The suit also claims that Suzanne Black and Hywell Jones through a company called "Executive Advisors," business associates of Leadenhall and AXXESS INTERNATIONAL, assisted Gause, Homa and Denson and other C4T US marketers working with Denson in establishing a variety of Bahamian companies to operate in the scheme.
The Securities and Exchange Commission in October 1999 started the process of scrutinizing the marketers in the "Ponzi Scheme" by launching a civil securities fraud action against them.
While his bank is being accused in the alleged fraud, William Jennings, managing director of Leadenhall Bank said Friday that, "It's a totally spurious claim by Stenger as a liquidator."
"There is no jurisdiction here," said Mr. Jennings, who added that he was not at all worried by the suit.
He pointed out that Leadenhall and AXXESS legally provided credit cards, but had nothing to do with the marketing initiatives.

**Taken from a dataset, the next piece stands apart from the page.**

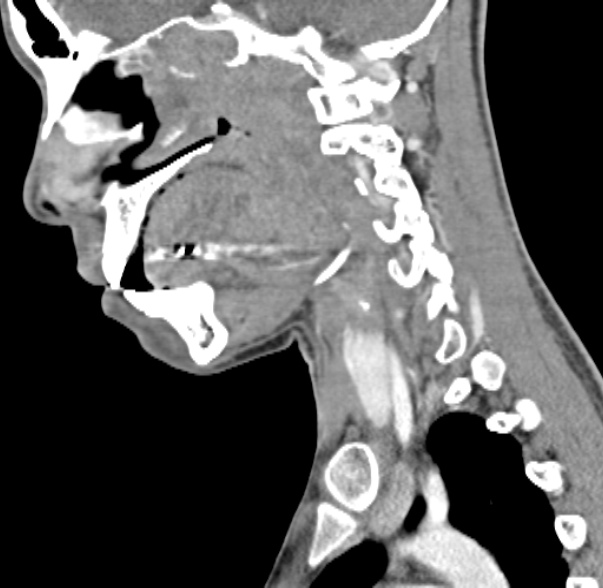 Nasopharyngeal carcinoma with skull base invasion (Radiopaedia 53415-59705 C 42).jpg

"As I understand it, there was fraud," Mr. Jennings said. "But the fraud was not undertaken by the card [distributors]. AXXESS provided credit cards as they do to thousands of people...I'm not at all worried. You get these things all the time."
Mr. Silver said the case is not expected to be heard in Illinois for another year.
This case comes as the Bahamas continues the process of repairing its reputation that took a blow after the Financial Action Task Force said the country was not doing enough to fight money laundering.
In response to such claims, the Bahamas passed a package of financial legislation to tighten up financial services practices.